The looming EU referendum on 23 June is at the forefront of most of our minds, but professionals working in the public sector may be contemplating if a vote for Brexit would actually result in the end of procurement red tape. Some may be hopeful for the end of seemingly stringent EU public procurement requirements, but is the grass actually likely to be greener?
The Public Contracts Regulations (PCR) (1991) and subsequent updates are derived from the EU procurement directives, and have paved the way for a regulatory framework which helps set best practice for public procurement. PCR (1991) kick started measures such as unrestricted access to public sector opportunities, public advertising, mandatory minimum tender response periods, standstill periods and contract award notifications: all of which provide the tools with which to carry out a fair, transparent and open tendering process. The PCR have also been tried and tested over 25 years, incorporating wider benefits such as encouragement of SMEs and social value considerations to name a few.
In light of this, one should question whether the industry’s sceptism of the public procurement regulations, is founded on the rules themselves, or the perception that they are merely a “tick box” exercise and a hindrance to allowing free-market forces to reign.
Some may be hopeful for the end of seemingly stringent EU public procurement requirements, but is the grass actually likely to be greener?
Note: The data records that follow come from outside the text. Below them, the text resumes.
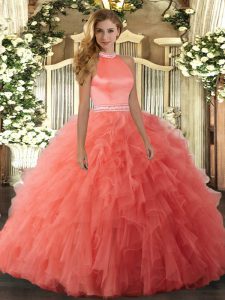 Admirable Orange Red Halter Top Backless Beading and Ruffles Quinceanera Gowns Sleeveless
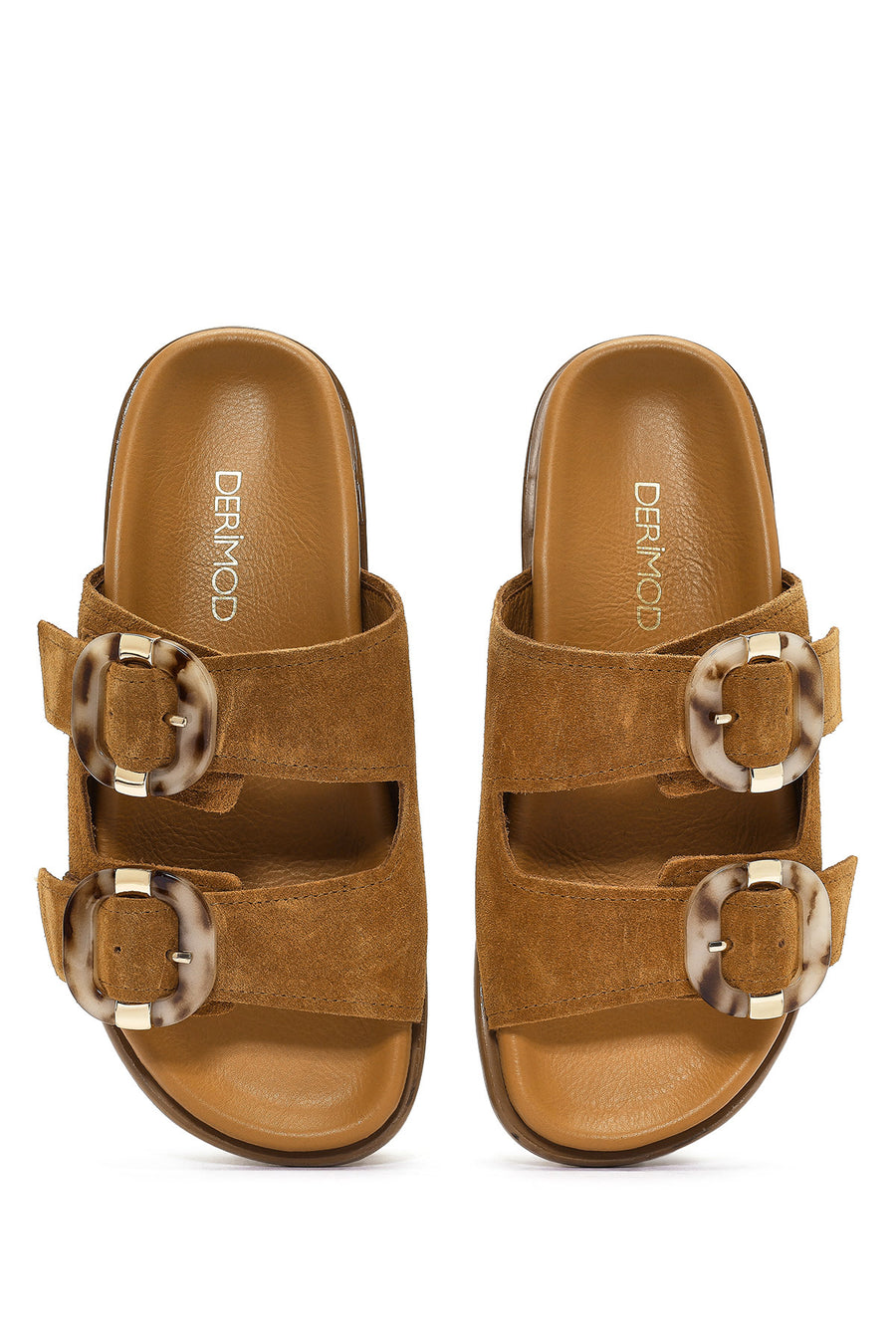 Women's Tan Double Buckle Suede Leather Slippers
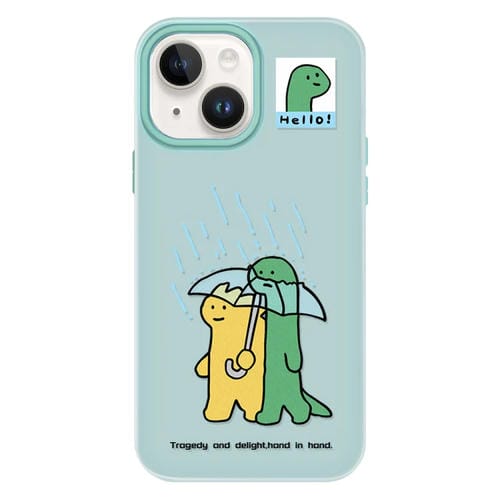 Funda híbrida TPU Policarbonato iPhone 15 Tacto Gel (Paraguas Verde Claro)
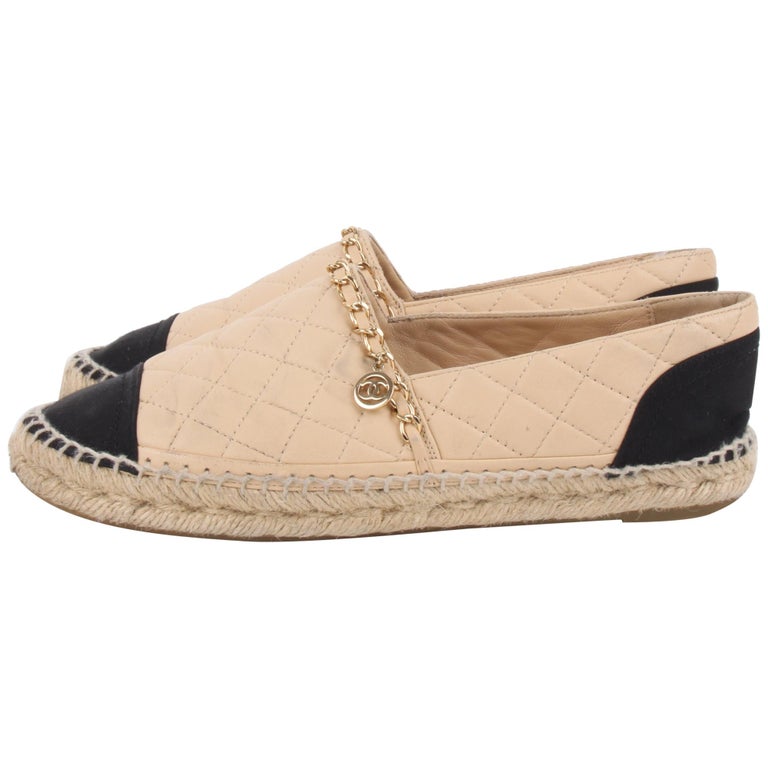 Chanel 2 Tone Beige Quilted Leather Black Cap CC Logo Chain Loafers at ...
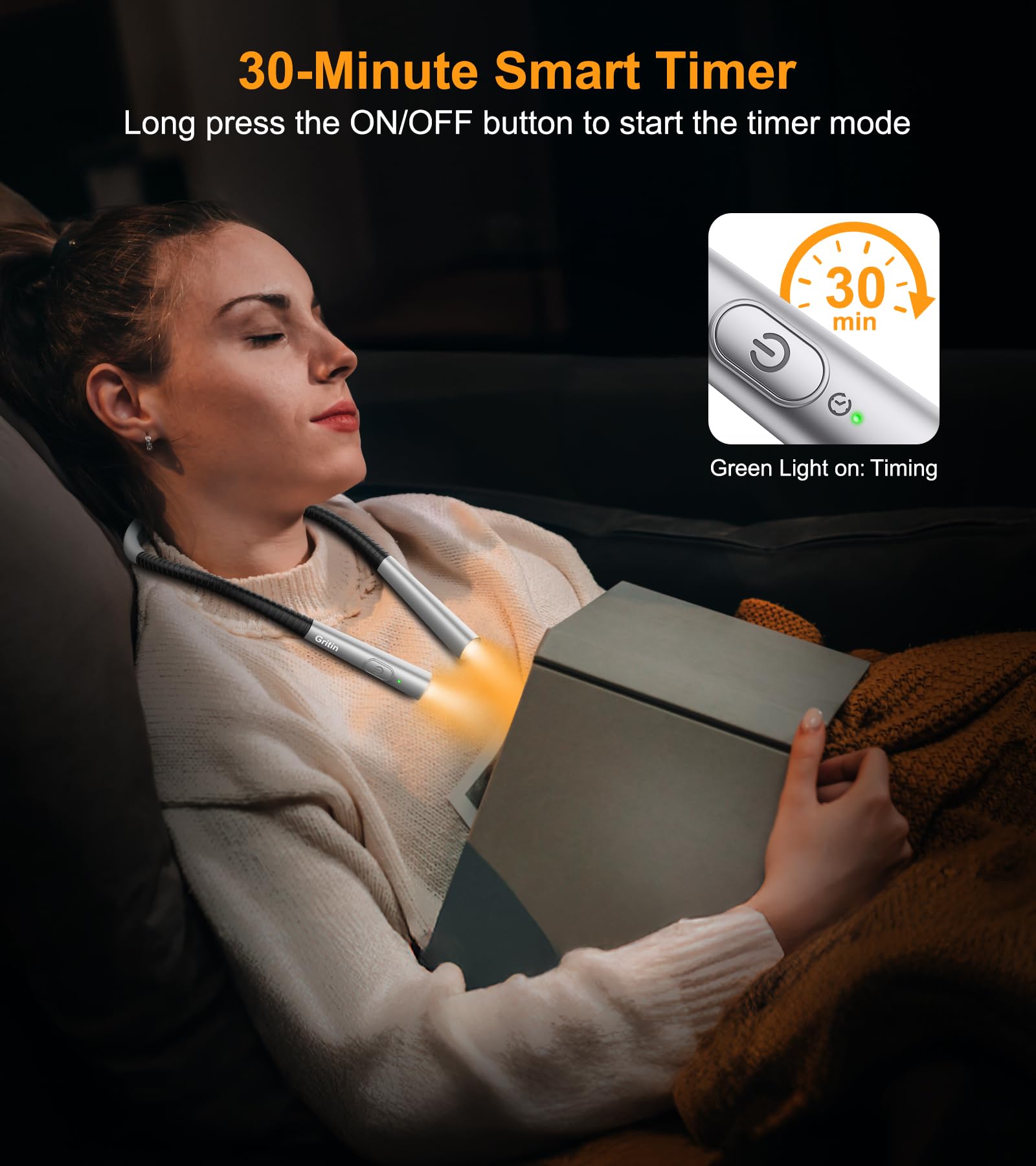 Gritin Rechargeable Book Light, Eye Caring Neck Reading Light 4-Color&5-Brightness, Stepless Dimming, 30-min Timer, 80H+ Runtime, Bendable Round Neck Design, Lightweight for Reading,Knitting,Repairing - Available at All In One Marketplace Canada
Let us not forget that the underlying principle of the EU directives is equal treatment, so how would bidders feel if public sector contracts were not advertised to all on the Official Journal of the European Union (OJEU)? How fair could an unregulated procurement environment actually be? Imagine the scenario of a £20m local authority project being awarded to an inexperienced construction company, not based consistently and fairly on a quality and price assessment, but based on history and relationships.
One of the other crucial benefits of the PCRs is to provide an avenue for bidders to challenge procurement decisions on public contracts where it can be proved they have been treated unfairly. It is arguable that if Brexit is successful, over time, bidders could lose the Remedies Directive tool for bringing challenges against contracting authorities. The regulations therefore provide protection for bidders and set the legal foundation for a level bidding playing field.
Also, if we do vote to leave, and the UK strikes a deal to be part of a different trade agreement, such as becoming members of the European Economic Area (EEA), we would still need to meet the requirements of EEA membership for all procurement in EU countries. This would involve following the EU procurement directives, but without the luxury of being able to influence and comment on future editions of the rules.
Overall, after decades of progress towards a fair, transparent and open tendering process; a vote to leave may cut some of the tape. But is this really the right tape to cut?